The play takes the “Cotton Patch” versions of the Gospel, written by Clarence Jordan and turns them into a more comedic performance of a story that is typically portrayed with a much more serious tone.
“It’s about religion, but at the same time it doesn’t take religion too seriously,” junior cast member Taylor Moore said. “The writers of the play had a lot of fun with kind of making fun of certain stereotypes of religion…and make it comedic so a lot of people feel connected with it because it’s not this big serious show.”
| Jason Huynh, Photojournalism Editor
Junior Austin Hamilton and freshman Nicci Corley rehearse for opening night.
Clarence wanted to make the scripture a more interactive for modern audiences. His goal was to provide an experience of the Gospel for modern audiences that felt more like what he believed early Christians would have had.
The play, written by Tom Key and Russell Treyz, aims to make the story of Jesus more accessible to modern audiences. Key and Treyz took the ‘Cotton Patch’ translations of the Bible written by Clarence Jordan in the 1970s and made them into a blue-grass musical.
The cast did a wonderful job of capturing that down-home bluegrass sound and spinning it to tell a story usually told with more classical music.

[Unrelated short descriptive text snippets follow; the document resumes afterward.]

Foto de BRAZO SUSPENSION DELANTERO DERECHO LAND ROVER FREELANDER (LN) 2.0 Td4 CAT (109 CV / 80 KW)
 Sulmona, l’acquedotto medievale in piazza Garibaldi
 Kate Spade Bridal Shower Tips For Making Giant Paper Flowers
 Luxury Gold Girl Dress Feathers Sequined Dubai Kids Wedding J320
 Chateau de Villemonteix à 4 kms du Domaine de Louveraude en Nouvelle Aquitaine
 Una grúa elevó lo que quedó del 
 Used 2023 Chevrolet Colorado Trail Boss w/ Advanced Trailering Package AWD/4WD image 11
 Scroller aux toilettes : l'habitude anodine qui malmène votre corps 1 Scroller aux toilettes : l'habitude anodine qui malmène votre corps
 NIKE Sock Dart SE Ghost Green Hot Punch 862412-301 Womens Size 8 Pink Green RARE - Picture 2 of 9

There were a few out of tune moments here and there, but from the solos to the choral pieces, the music was catchy and enjoyable.
The music combined with the staging, which was made entirely of rustic looking wood panels, to truly sell the old-timey Southern atmosphere of the show.
The cast had great chemistry and played off of each other well. Their comedic timing was impeccable and kept the audience engaged and laughing throughout the show. The jokes and overall light tone of the show make it a much more entertaining telling of a story many people know, and makes it much more accessible to audience members who may be more closed off to the heavily religious tale. This is one of the things the shows director, Richard Bristow, Visiting Assistant Professor of Theatre, likes most about the show.
“I fell in love with this show 30 years ago…I just love it because (Cotton Patch) makes it so relatable and accessible,” Bristow said.
In addition to the cast playing well off of one another, it’s a very unique cast for this kind of show. Because it’s the story of Jesus, playgoers would expect a very male heavy cast, whereas this production is very female heavy. It makes for an interesting dynamic. None of the character’s pronouns have been changed, but many of the male roles have filled by women. Berry’s student demographics played a large part in the casting.
“We have a love of females in the cast,” junior cast member Sophia Veser said. “That’s mainly because we’re really female heavy at this school.”
Overall, the show succeeded in making an old story more relatable and it was moving in ways I hadn’t anticipated.
The show opens Thursday at 7:30 p.m. Nightly performances will be held on Thursday, Friday and Saturday at 7:30 pm with Sunday matinees at 2pm from Feb. 19 to March 1.